◆ PROBLEM DETAILS
Leave the pictures out, and transcribe the material below exactly from the line with "Used Mercedes-Benz R-Class" to the line with "Samsung A 35 8/128 gb yengide holatda", both lines included.

BEGIN THE DATA

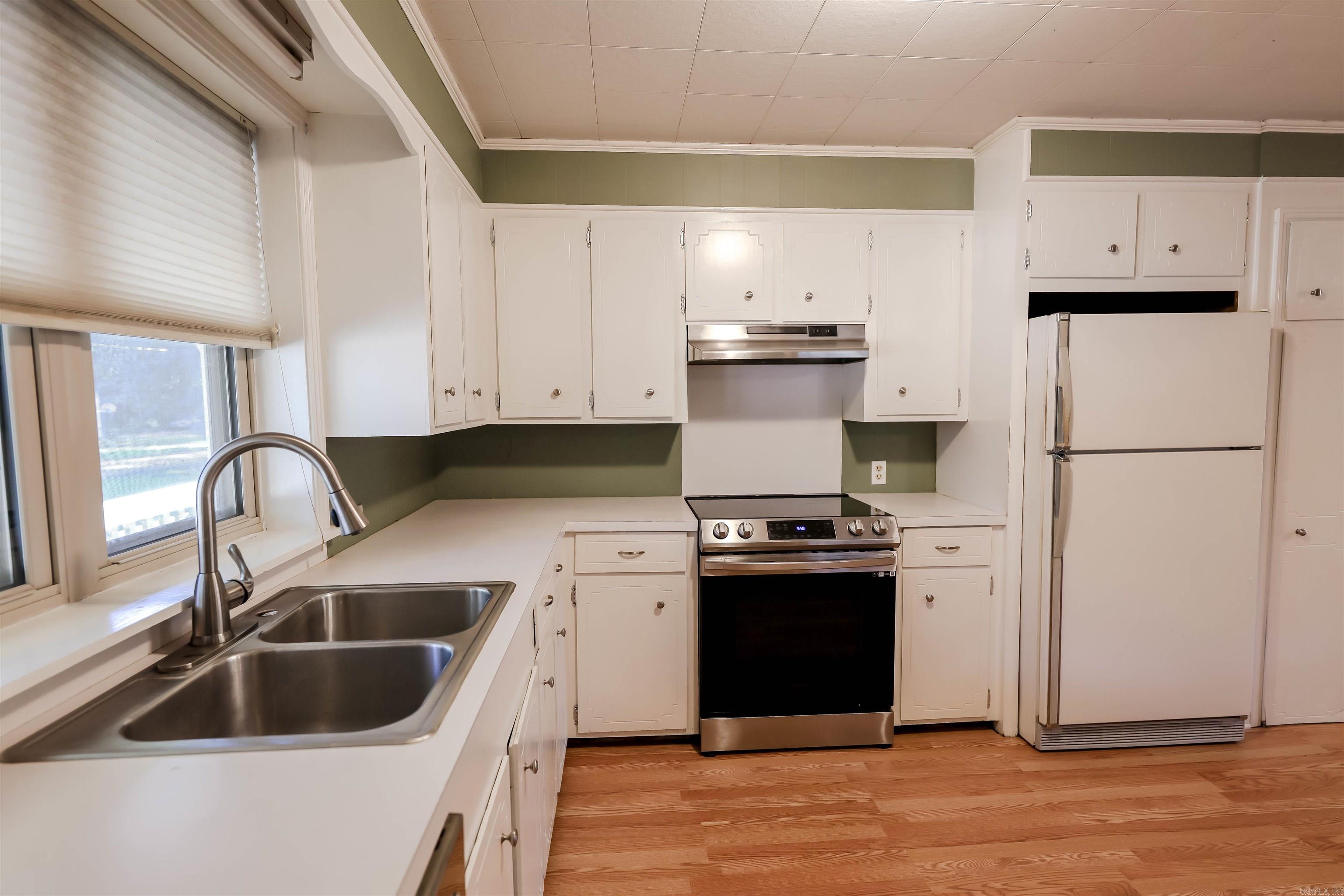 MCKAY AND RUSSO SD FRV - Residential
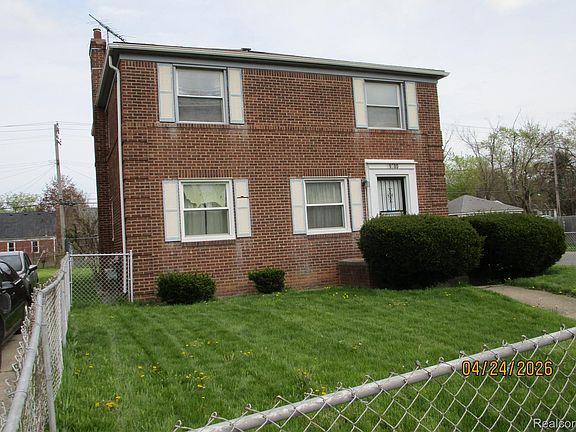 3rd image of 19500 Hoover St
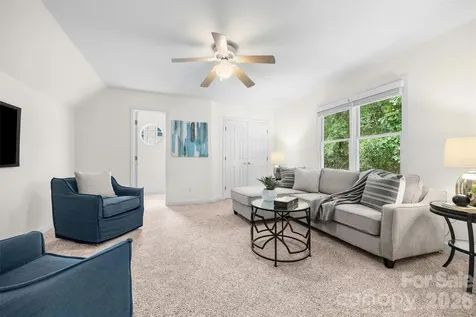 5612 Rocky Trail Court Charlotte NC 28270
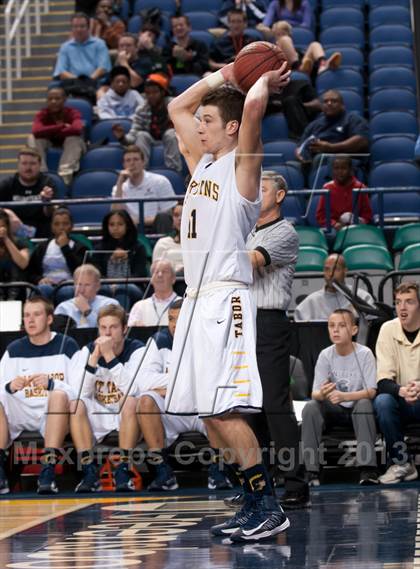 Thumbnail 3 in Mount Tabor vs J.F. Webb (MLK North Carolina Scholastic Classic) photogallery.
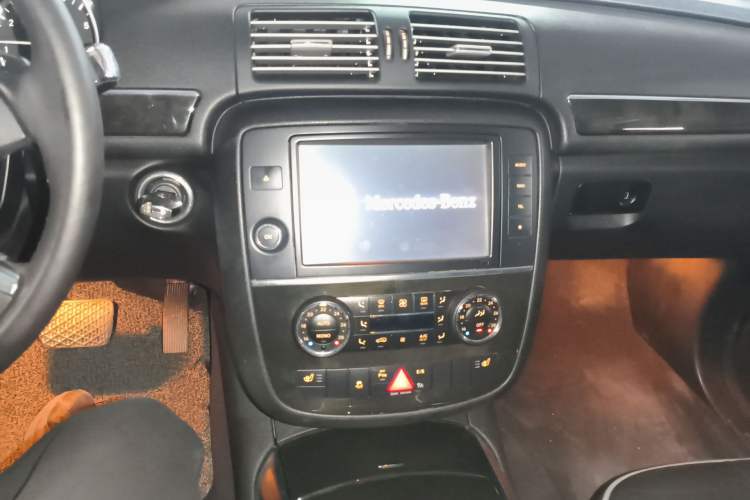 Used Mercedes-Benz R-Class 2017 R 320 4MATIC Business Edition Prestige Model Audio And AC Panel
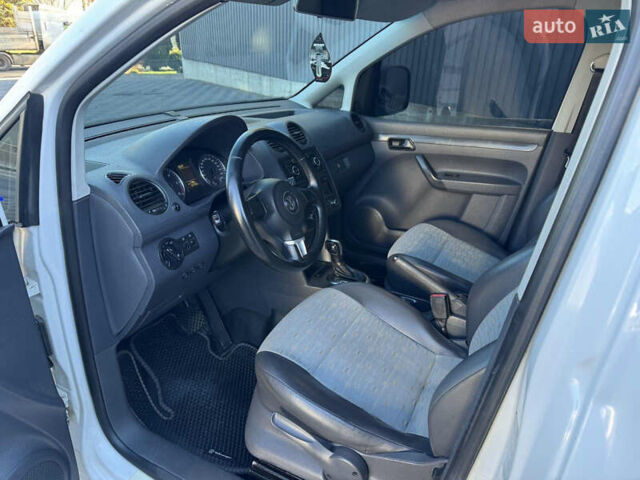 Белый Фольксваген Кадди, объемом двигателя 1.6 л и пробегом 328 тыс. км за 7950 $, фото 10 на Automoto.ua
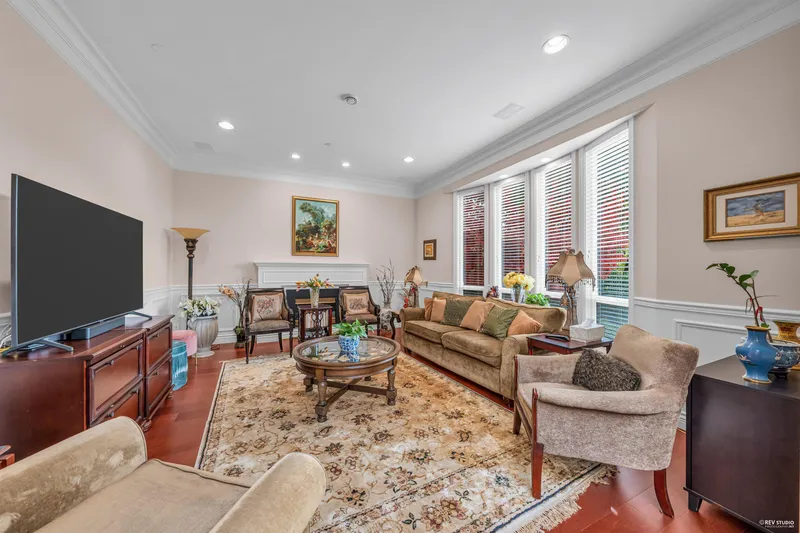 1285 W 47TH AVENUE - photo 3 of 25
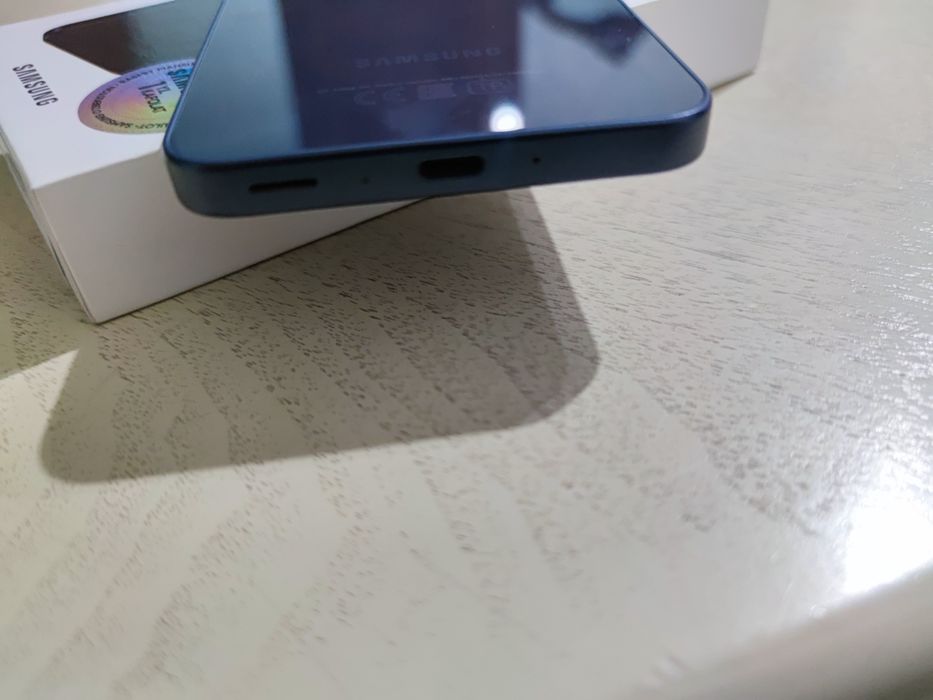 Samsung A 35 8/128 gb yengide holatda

END THE DATA
BEGIN THE DATA

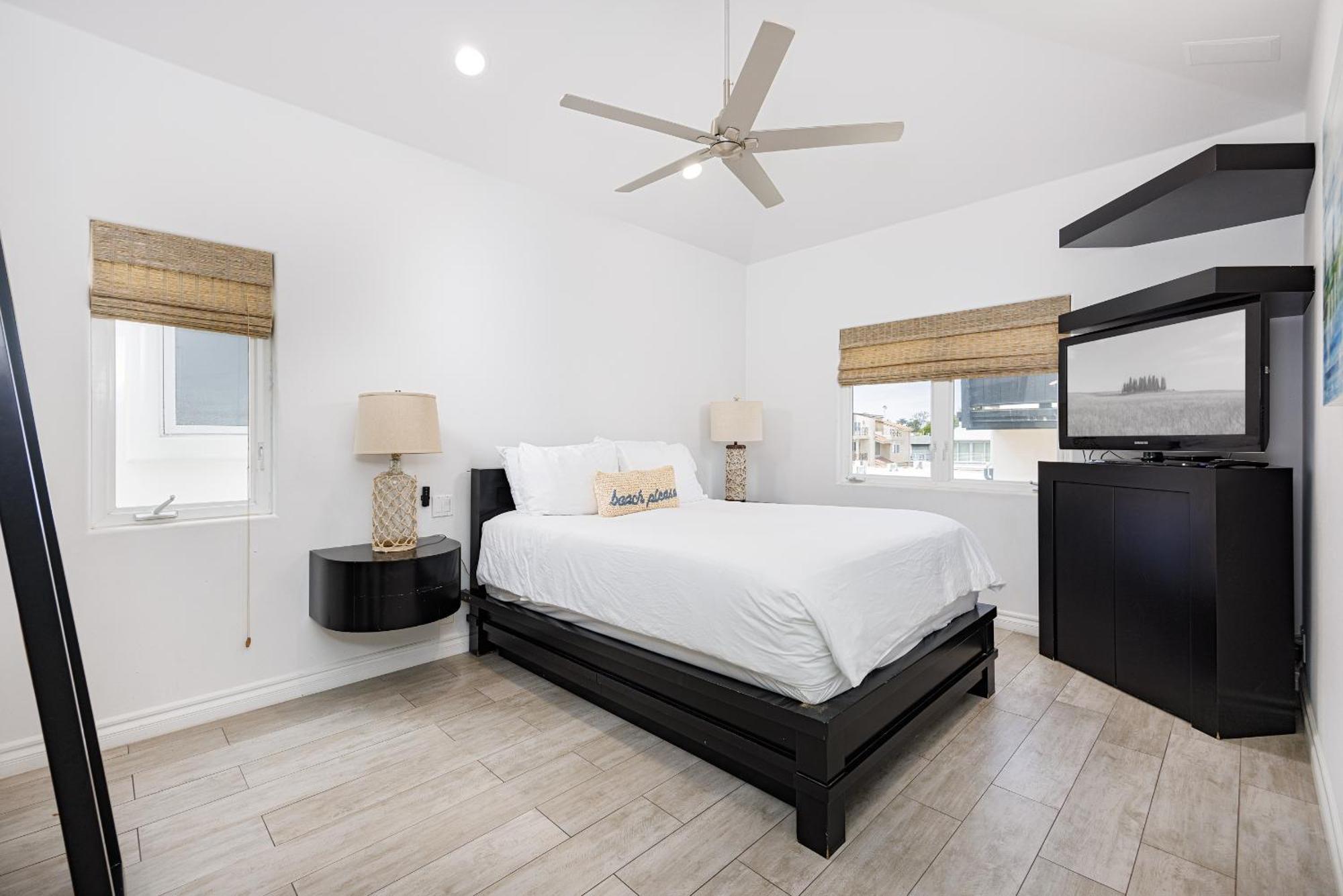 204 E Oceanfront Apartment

END THE DATA

◆ FINAL ANSWER
 Used Mercedes-Benz R-Class 2017 R 320 4MATIC Business Edition Prestige Model Audio And AC Panel
 Белый Фольксваген Кадди, объемом двигателя 1.6 л и пробегом 328 тыс. км за 7950 $, фото 10 на Automoto.ua
 1285 W 47TH AVENUE - photo 3 of 25
 Samsung A 35 8/128 gb yengide holatda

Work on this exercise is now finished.